──────── Task input

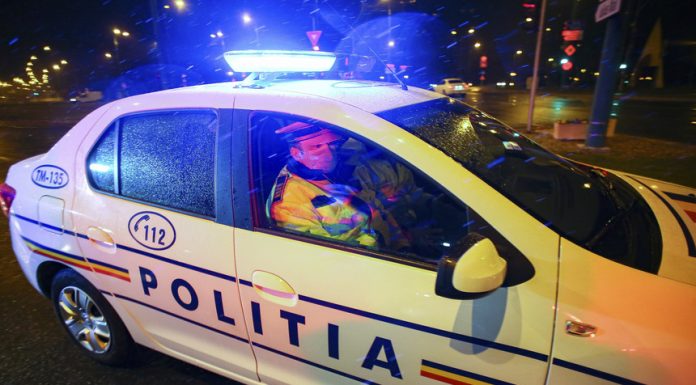 Bărbaţi agresaţi pe o stradă din Constanţa de persoane coborâte dintr-o maşină – Suspecţii au fost identificaţi şi reţinuţi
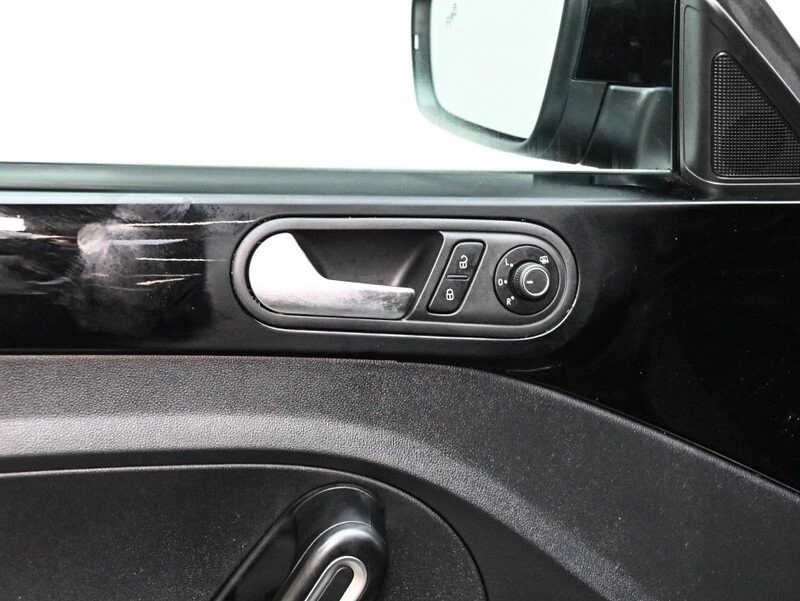 2019 Volkswagen A5 Beetle - Image 11 of 20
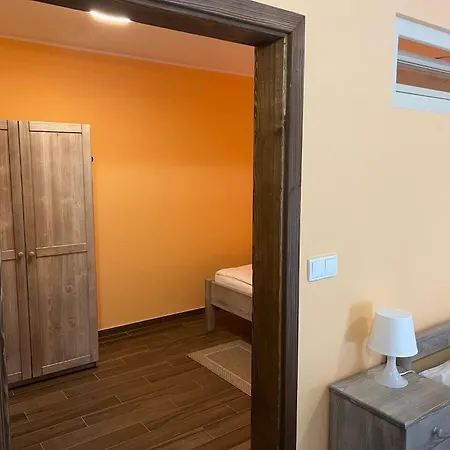 Apartament Zadov *
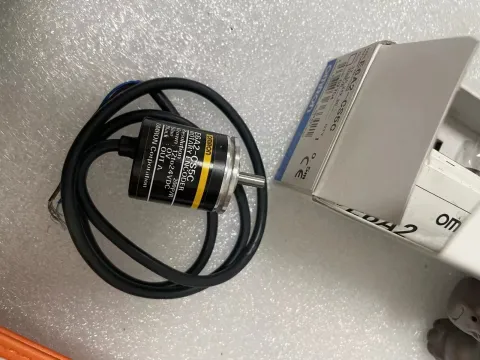 OMRON E6A2-CS5C 200P/R Industrial Encoder product photo 2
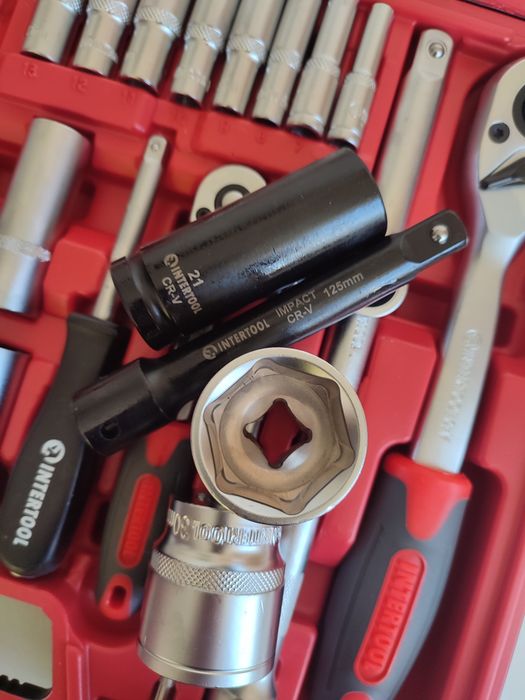 Набір інструментів 1/2" & 1/4" 111 од, головки подовжені 15,17,19,21,22 INTERTOOL ET-9111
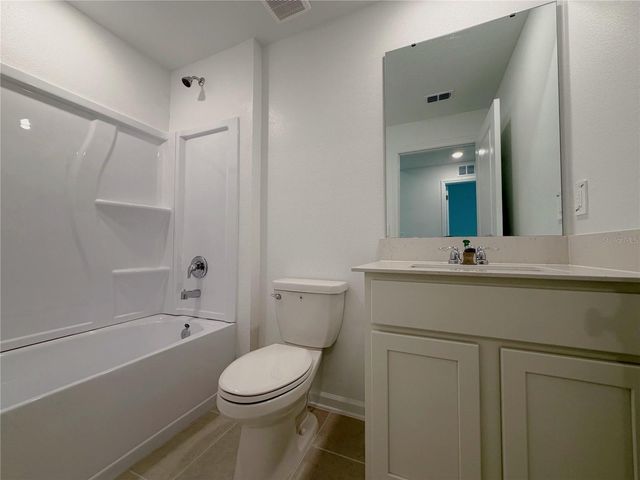 2154 LASSO LOOP, Eagle Lake, FL 33839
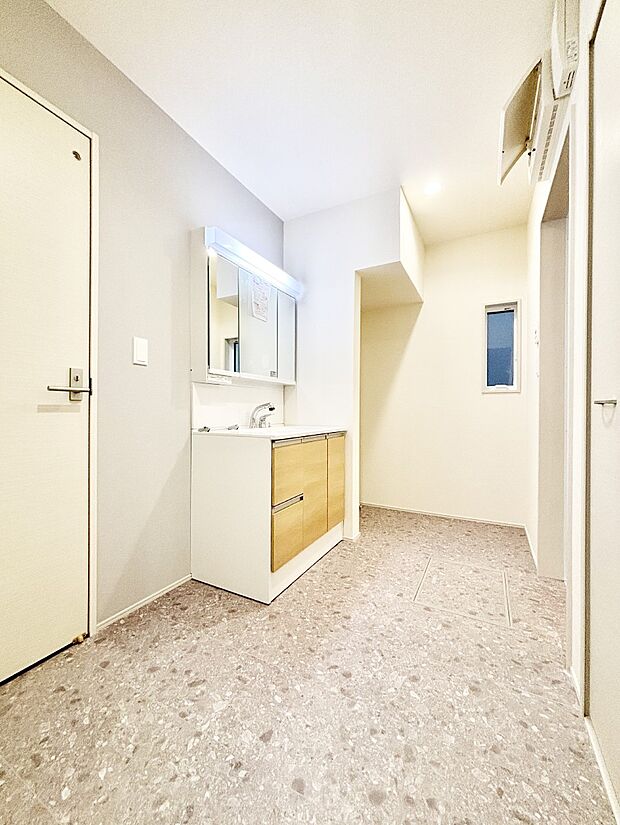 広々とゆとりのあるランドリースペース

────────────────

The task: Are you able to set down all the lines above exactly, without any pictures?

Task solution:
 Bărbaţi agresaţi pe o stradă din Constanţa de persoane coborâte dintr-o maşină – Suspecţii au fost identificaţi şi reţinuţi
 2019 Volkswagen A5 Beetle - Image 11 of 20
 Apartament Zadov *
 OMRON E6A2-CS5C 200P/R Industrial Encoder product photo 2
 Набір інструментів 1/2" & 1/4" 111 од, головки подовжені 15,17,19,21,22 INTERTOOL ET-9111
 2154 LASSO LOOP, Eagle Lake, FL 33839
 広々とゆとりのあるランドリースペース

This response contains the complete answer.